Haven't been there in many years and I don't ever recall fishing it just dick hunting. Opening day better be there by 3 am ready to go just to get the boat launched!


----------



## 220swift (Mar 2, 2011)

hope you meant duck........


----------



## azpredatorhunter (Jul 24, 2012)

Wow lmao... No wonder he hasn't caught any fish there. ????...


----------



## youngdon (Mar 10, 2010)

texaspredatorhunter said:


> Haven't been there in many years and I don't ever recall fishing it just dick hunting. Opening day better be there by 3 am ready to go just to get the boat launched!


AHHHHH yes, now I remember why I reread my posts.........


----------



## hassell (Feb 9, 2010)

Seen that one this morning but figuring it was Thurs.
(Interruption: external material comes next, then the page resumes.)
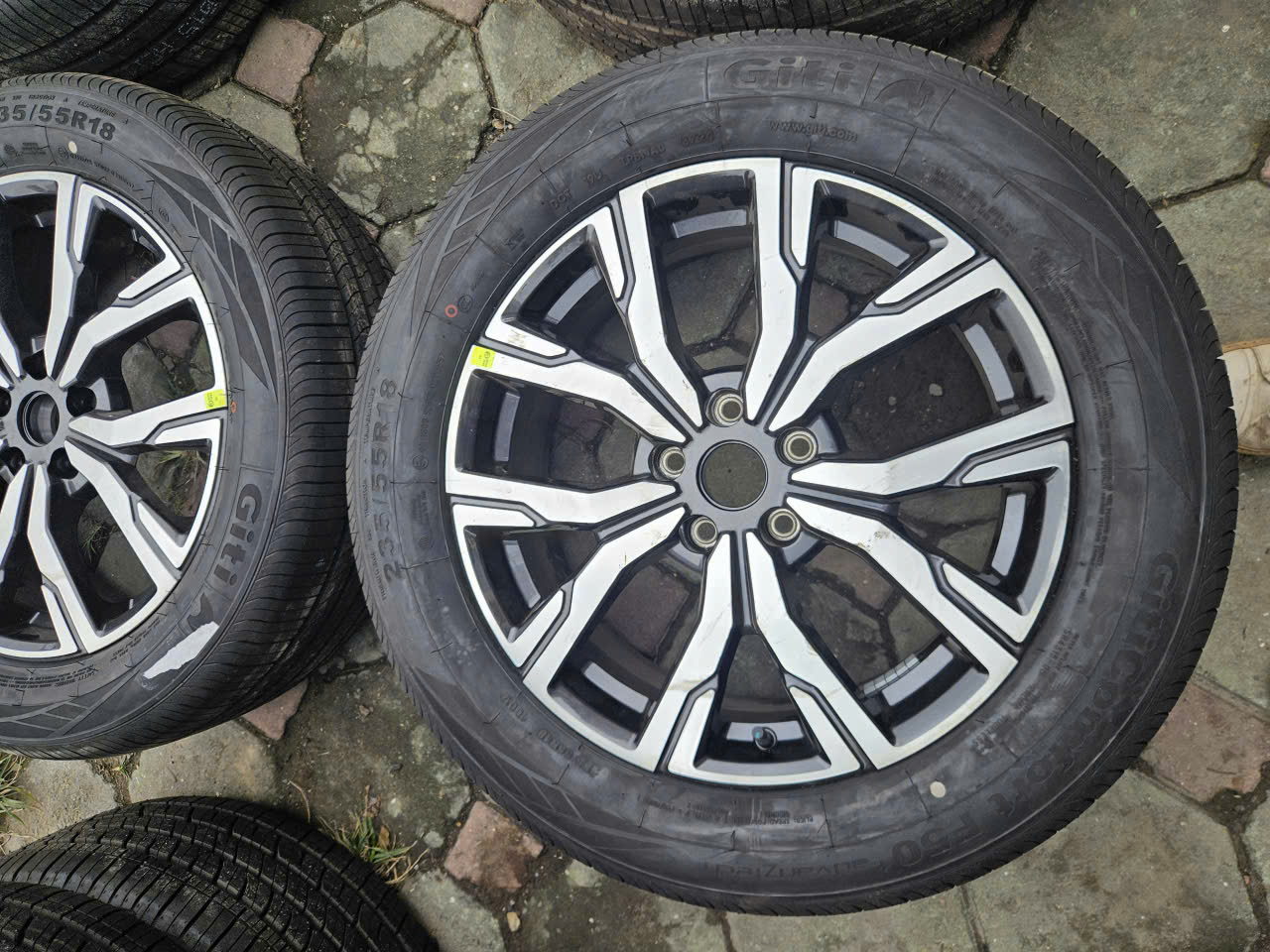 Mâm lazang lốp Ford Territory 2025 19 inch lốp 235/50R19 Goodyear mới 100%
I'd leave it be. !!!!!


----------



## youngdon (Mar 10, 2010)

azpredatorhunter said:


> Wow lmao... No wonder he hasn't caught any fish there. ????...
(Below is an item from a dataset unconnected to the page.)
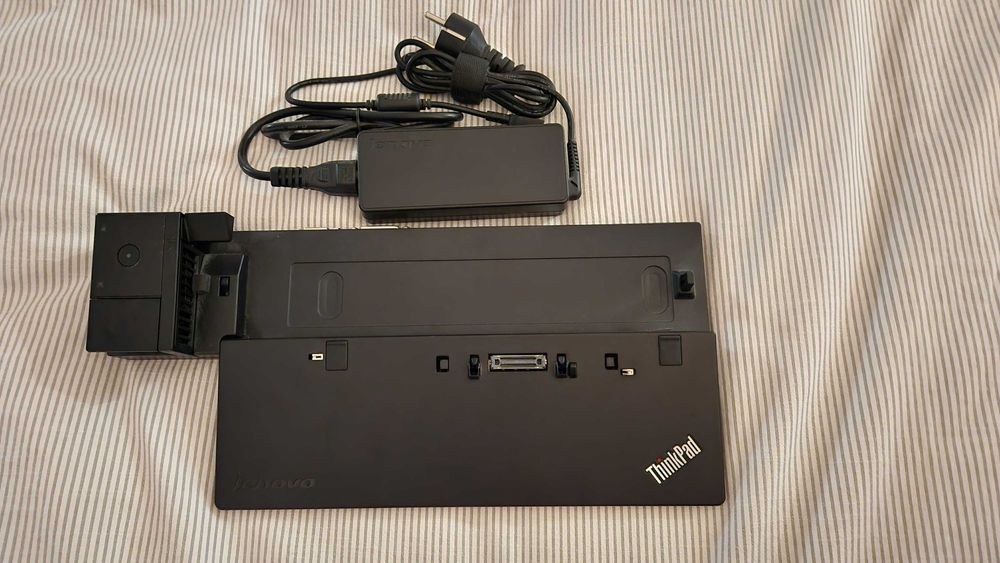 Lenovo thinkpad Dock station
How do you know ? Perhaps a trouser trout or two.


----------



## catcapper (Feb 11, 2010)

Sorry Tex--- I was gonna fix that for ya--- but with this bunch--- I just had to see where it would go.lol.

awprint:


----------



## hassell (Feb 9, 2010)

catcapper said:


> Sorry Tex--- I was gonna fix that for ya--- but with this bunch--- I just had to see where it would go.lol.
> 
> awprint:


 Might have to re title this post !!! Hmmm!!


----------



## texaspredatorhunter (Aug 14, 2014)

Well damn, I guess I need to start re reading all my posts or ease of the beer some


----------



## youngdon (Mar 10, 2010)

It sure provided me with a few laughs.


----------



## texaspredatorhunter (Aug 14, 2014)

Hell it made me laugh! But I'm glad I can entertain y'all too!


----------



## 220swift (Mar 2, 2011)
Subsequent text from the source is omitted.